§ **ABOUT THIS EXERCISE**
Find the line with "848 Jeffries Road, Big" and the line with "Ugg-uri noi mărimea 41" in the entries below; output exactly those two lines, every line between them, and no others.

§ **DATA FOR REVIEW**
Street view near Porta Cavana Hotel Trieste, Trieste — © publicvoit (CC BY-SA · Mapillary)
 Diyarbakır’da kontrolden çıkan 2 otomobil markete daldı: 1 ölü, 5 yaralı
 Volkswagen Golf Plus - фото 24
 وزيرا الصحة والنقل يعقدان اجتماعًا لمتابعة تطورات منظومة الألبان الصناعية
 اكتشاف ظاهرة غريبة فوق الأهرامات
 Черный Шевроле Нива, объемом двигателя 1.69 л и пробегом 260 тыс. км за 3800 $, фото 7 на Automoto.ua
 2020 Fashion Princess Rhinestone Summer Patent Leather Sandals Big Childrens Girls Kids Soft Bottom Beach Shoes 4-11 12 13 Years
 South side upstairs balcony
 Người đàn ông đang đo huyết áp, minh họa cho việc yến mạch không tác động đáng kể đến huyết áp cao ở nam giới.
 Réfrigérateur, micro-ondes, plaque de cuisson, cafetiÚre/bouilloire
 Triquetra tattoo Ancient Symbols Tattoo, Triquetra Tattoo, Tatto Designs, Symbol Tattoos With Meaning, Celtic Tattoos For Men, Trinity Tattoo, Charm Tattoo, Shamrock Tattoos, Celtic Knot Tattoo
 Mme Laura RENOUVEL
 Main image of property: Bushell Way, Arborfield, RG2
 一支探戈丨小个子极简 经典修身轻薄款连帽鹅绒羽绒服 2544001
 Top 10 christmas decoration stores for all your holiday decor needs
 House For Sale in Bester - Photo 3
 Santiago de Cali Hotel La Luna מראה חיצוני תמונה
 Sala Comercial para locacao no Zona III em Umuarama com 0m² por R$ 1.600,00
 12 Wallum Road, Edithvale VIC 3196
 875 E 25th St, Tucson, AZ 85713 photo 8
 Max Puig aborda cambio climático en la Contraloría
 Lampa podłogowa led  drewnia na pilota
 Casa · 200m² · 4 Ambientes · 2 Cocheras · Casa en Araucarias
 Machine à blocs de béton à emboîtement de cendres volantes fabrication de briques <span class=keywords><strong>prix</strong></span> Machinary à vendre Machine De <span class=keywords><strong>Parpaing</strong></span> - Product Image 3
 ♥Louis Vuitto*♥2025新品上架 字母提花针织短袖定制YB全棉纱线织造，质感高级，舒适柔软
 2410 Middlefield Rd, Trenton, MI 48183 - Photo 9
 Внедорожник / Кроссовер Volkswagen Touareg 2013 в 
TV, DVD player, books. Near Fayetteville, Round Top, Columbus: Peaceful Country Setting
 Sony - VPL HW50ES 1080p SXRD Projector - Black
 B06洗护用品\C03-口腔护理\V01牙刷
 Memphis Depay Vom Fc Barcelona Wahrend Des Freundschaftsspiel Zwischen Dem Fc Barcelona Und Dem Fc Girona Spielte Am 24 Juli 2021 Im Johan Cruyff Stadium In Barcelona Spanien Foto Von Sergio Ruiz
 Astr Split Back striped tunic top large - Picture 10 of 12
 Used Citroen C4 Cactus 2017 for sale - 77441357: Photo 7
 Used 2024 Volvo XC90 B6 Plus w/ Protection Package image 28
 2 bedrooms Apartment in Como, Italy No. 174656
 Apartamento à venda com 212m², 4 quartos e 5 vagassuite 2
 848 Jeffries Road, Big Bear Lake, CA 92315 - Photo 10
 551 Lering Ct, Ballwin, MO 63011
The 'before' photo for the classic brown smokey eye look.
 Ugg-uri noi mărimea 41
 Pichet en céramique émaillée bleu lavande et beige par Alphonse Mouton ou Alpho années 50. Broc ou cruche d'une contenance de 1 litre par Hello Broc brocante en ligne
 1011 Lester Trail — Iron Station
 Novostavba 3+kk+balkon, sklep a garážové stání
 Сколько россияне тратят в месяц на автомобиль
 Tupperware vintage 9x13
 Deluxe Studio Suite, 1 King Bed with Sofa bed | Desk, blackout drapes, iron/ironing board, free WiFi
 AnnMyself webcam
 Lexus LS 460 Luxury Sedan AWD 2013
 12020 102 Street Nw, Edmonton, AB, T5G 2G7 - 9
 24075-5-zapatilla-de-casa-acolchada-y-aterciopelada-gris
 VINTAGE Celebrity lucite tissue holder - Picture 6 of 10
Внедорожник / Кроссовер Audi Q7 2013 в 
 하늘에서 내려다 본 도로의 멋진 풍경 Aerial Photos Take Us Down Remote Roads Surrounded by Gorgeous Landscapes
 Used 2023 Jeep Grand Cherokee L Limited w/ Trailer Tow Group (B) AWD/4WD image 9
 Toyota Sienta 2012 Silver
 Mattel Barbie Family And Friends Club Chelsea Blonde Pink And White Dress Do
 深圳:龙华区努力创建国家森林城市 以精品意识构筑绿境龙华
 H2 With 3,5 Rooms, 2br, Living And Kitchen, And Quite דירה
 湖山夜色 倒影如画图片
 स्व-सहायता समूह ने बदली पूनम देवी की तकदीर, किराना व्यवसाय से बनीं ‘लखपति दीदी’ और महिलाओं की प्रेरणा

§ **ANSWER SPACE**
 848 Jeffries Road, Big Bear Lake, CA 92315 - Photo 10
 551 Lering Ct, Ballwin, MO 63011
The 'before' photo for the classic brown smokey eye look.
 Ugg-uri noi mărimea 41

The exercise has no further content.